What a year that was… the first Earth Day, the passage of the Clean Air Act, the creation of the Environmental Protection Agency (by a Republican president!), the last use of Agent Orange in Vietnam. And all those books on the shelf! Paul Goodman’s Compulsory Mis-Education… R. D. Laing’s Politics of Experience… the two-year-old copy of the Whole Earth Catalog, the stitching already coming apart from overuse. And above all, perhaps, the eloquently titled bestseller The Greening of America, by Charles Reich, which was first published in the New Yorker in the very same month they were laying Jimi in the ground.
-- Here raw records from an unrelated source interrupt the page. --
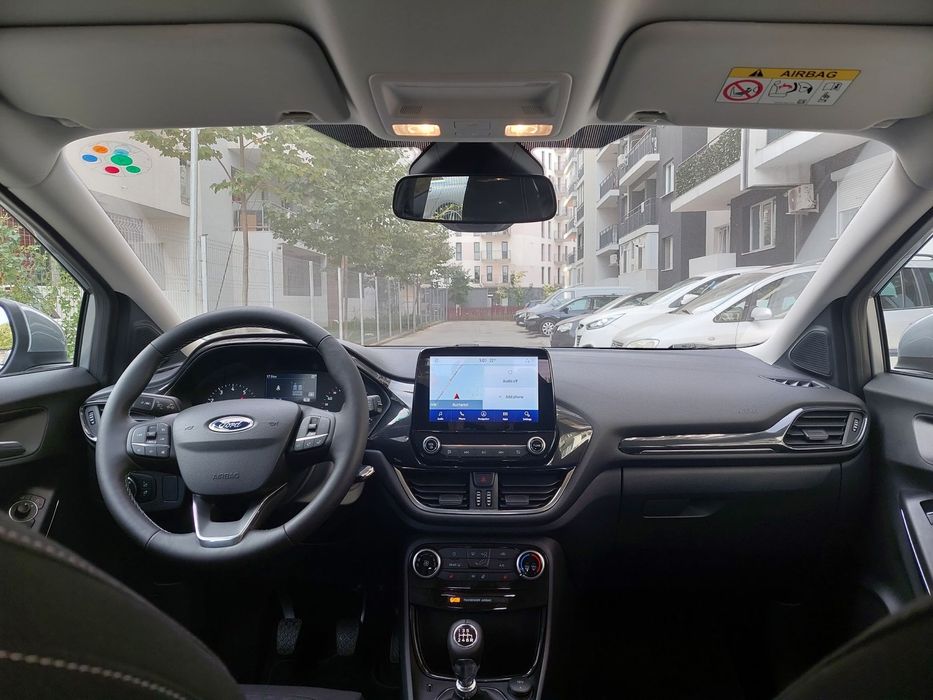Ford Puma Primul Proprietar / Automobil pastrat in conditii exceptionale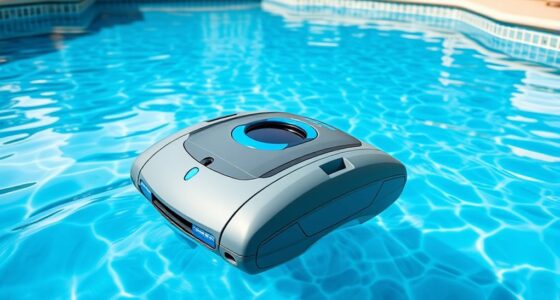 top robotic pool cleaners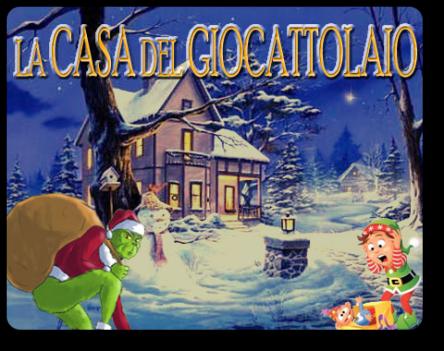 La Casa del Giocattolaio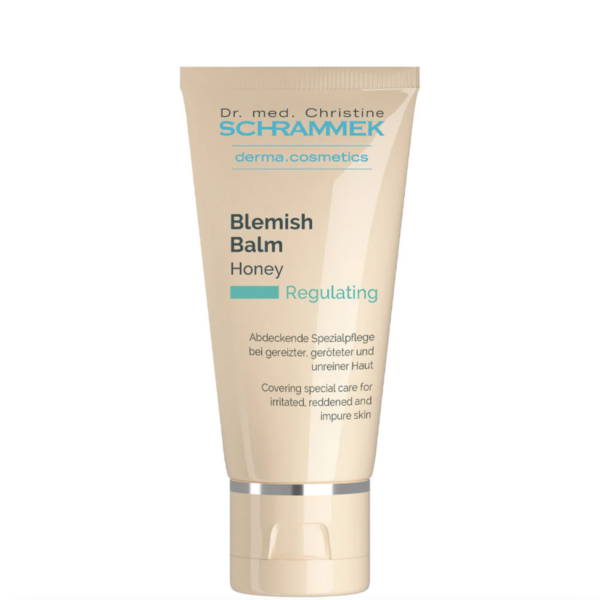 blemish balm honey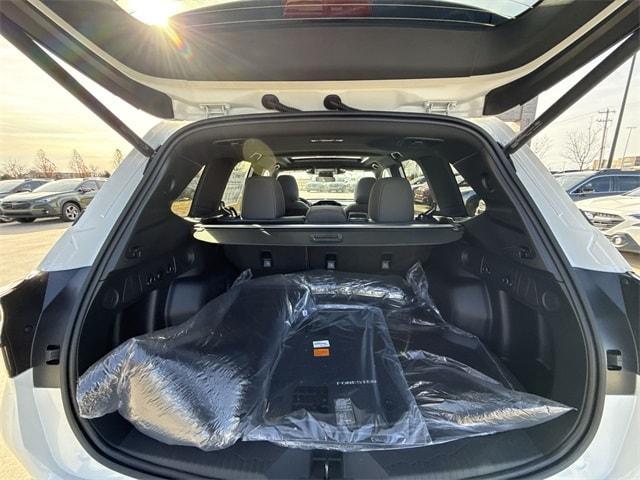 new 2026 Subaru Forester car, priced at $36,393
Forty years later, what we remember most about Reich -- to the extent we remember him at all -- is his call for the creation of a new "Consciousness III," a flaky, countercultural concept that involved a lot of time listening to the Grateful Dead and consuming large amounts of homegrown marijuana. But there was a lot more to Reich than that caricatured memory. He was a former clerk to Supreme Court Justice Hugo Black and a distinguished Yale Law School professor (one of his students, ironically, was Supreme Court Justice Samuel Alito).
Reich deplored the lack of strong federal action to protect the environment. But he went way beyond that. "Green" was a broader term for him than it is to us today, encompassing not just environmentalism but a seamless package of values that also included feminism, gay rights, racial equality, and an end to military conflict, rampant consumerism, and overweening corporate power. The society Reich envisioned would start with individual consciousness, but end up with a wholesale reformation of our cultural and political institutions.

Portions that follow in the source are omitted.